# [Your task]
Stop after the line that contains "Gamis Rara busana putih"; until then, restate each line of the entries word for word from the very first.

# [Records for processing]
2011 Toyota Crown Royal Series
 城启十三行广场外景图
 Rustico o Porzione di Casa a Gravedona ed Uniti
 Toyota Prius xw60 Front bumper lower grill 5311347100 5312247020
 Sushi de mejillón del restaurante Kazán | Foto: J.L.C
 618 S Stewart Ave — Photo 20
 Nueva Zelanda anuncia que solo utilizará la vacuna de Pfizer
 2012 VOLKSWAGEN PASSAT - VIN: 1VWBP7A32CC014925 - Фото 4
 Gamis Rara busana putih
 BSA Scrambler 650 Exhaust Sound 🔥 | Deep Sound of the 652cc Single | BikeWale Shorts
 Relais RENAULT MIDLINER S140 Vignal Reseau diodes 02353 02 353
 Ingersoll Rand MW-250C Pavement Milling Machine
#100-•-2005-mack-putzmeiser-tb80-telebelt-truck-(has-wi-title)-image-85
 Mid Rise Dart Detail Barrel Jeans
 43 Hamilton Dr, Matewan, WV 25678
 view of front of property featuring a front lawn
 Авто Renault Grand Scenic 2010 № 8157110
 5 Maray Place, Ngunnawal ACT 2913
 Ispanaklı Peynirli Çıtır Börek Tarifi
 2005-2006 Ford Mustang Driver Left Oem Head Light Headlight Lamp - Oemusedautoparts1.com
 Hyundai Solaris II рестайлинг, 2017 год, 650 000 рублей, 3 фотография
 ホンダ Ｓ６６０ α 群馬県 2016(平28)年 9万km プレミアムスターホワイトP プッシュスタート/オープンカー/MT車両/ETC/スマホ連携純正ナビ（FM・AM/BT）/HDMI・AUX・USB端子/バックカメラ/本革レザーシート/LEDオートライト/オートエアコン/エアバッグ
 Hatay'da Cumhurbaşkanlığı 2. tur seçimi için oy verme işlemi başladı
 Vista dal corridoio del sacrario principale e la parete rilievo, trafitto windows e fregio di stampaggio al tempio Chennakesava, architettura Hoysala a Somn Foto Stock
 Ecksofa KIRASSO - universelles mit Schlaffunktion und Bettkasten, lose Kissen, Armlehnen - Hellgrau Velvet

# [Response to the task]
2011 Toyota Crown Royal Series
 城启十三行广场外景图
 Rustico o Porzione di Casa a Gravedona ed Uniti
 Toyota Prius xw60 Front bumper lower grill 5311347100 5312247020
 Sushi de mejillón del restaurante Kazán | Foto: J.L.C
 618 S Stewart Ave — Photo 20
 Nueva Zelanda anuncia que solo utilizará la vacuna de Pfizer
 2012 VOLKSWAGEN PASSAT - VIN: 1VWBP7A32CC014925 - Фото 4
 Gamis Rara busana putih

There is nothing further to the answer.